Edinburgh Fringe Q&A: Lost Soles

Theatre director and designer Thaddeus McWhinnie Phillips discusses his classic work about a Wyoming tap dancer that's stranded in Cuba

feature (edinburgh) | Read in About 5 minutes
33810 large
Lost Soles
Photo by Rafael Esteban Phillips
Published 02 Aug 2023

Tell us about your show and what audiences can expect?

We did it originally in 2000 after I travelled illegally to Cuba (as a US citizen we can’t go there). I snuck in through Canada, on an Irish airline flight called Aer Lingus. I landed in Havana, totally undercover from the US authorities. My passport was stamped with a little toy green train, and there I was in Cuba. The most extraordinary place I’ve ever seen. 

I went there with Tatiana, the director of the piece, back in 2000 to research ideas for a new show. We were struck by the resilience and resourcefulness of the Cuban people – they’re still using these old cars – they fix them, they reuse them, they make new parts, they use the fridges that they’ve had from the 1950s.

On one level, yes it’s a total disaster – the economic embargo that the United States, with the help of most of the world, has imposed on these poor people. But at the same time it’s shown a way to live with a lot less and without wasting crap. There’s a certain ingenuity and beauty to the place that we wanted to explore in Lost Soles.

It’s also about my tap dance teachers. My grandma was in vaudeville – she tap danced with Donald O’Connor and he actually nailed her tap shoes to the floor once backstage in vaudeville, and she fell on the stage. She never liked Donald O’Connor.

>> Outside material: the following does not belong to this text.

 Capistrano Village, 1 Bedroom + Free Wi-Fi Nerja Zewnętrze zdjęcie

I studied tap with other teachers as well – a guy who was a trainer on Singing In The Rain and Jimmy Payne Senior, one of the primary tap dance teachers in the United States, out of Chicago.

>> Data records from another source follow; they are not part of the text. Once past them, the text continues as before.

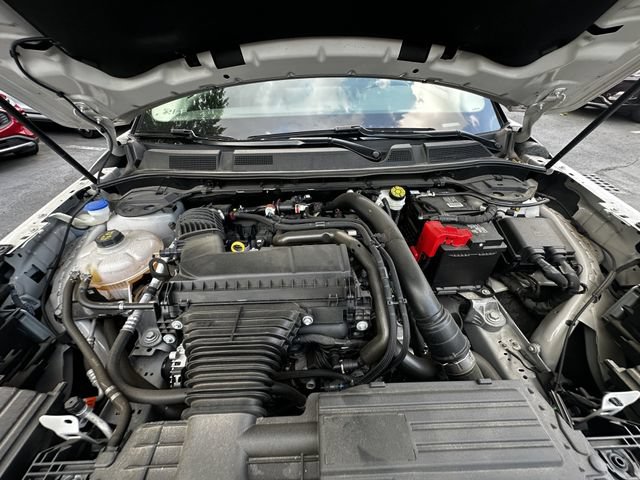 Certified 2024 Lincoln Corsair AWD w/ Equipment Group 101A image 32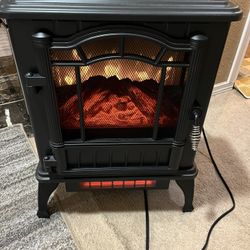 MAINSTAYS 3D Electric Stove With Infrared Quartz Heater w/ Flame Effect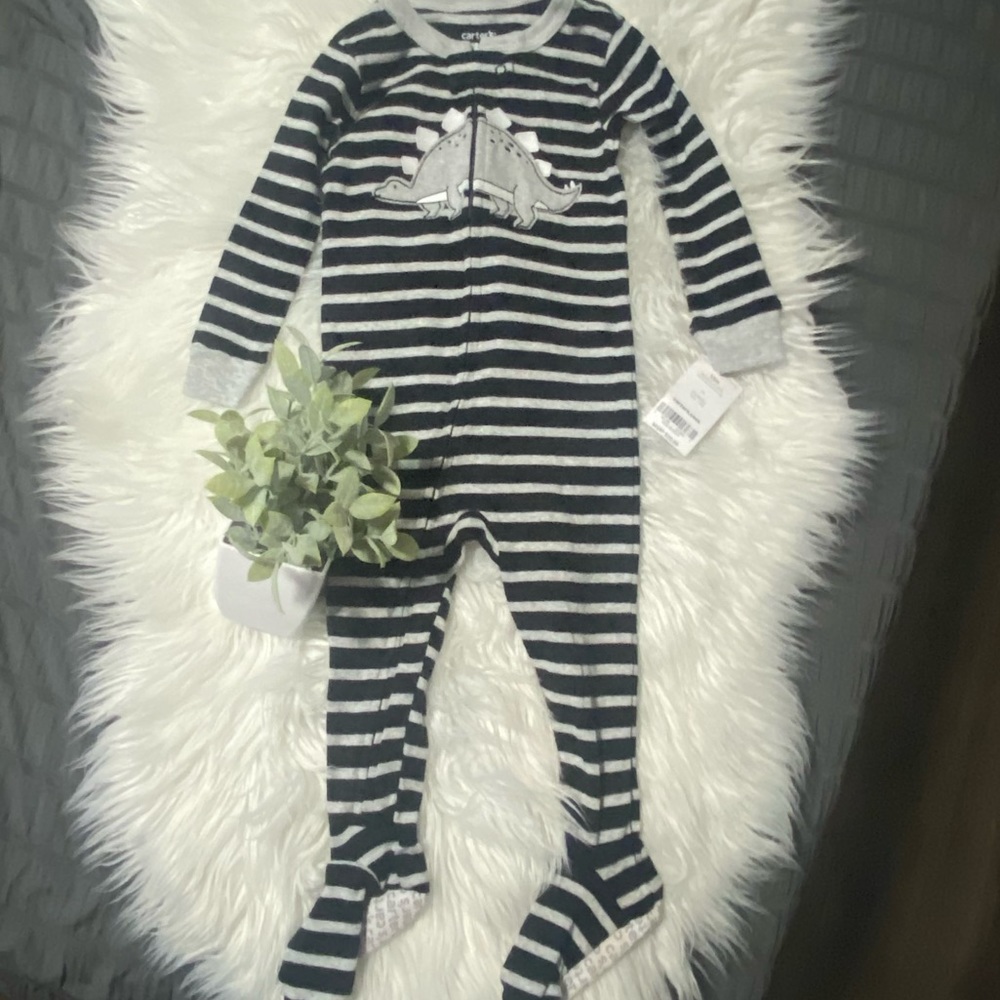🔅5 for $20🔅NWT 12 month Carter footed pajama set.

Where do you draw inspiration from for your work, both in terms of creation and performance?

I’m not a tap dancer but I'm an actor, a director obviously, and I love tap dancing. So the show is about those teachers. And it's about Cuba. And it’s about theatrical ingenuity. 

I get inspiration from making shows on different themes – there’s a lot about how to be creative. They can have political themes, Lost Soles certainly does. It’s not overtly political but it does touch on certain realities we live in, because that’s part of the world. 

Looking at this production, how would you say it links to previous work personally and thematically?

This is an early work of mine that kind of launched a lot of the stuff I’ve been doing since, so to revisit it here at Edinburgh Fringe, is just fantastic. It’s been really wonderful diving into it, relooking at it 20 years later, remaking a whole new show – because the design is very different – but keeping the same essence and discovering new things at the same time. It allows for a kind of liquid, amorphic theatrical transformation with very few elements that kind of bleed from one to the next telling this theatrical story. 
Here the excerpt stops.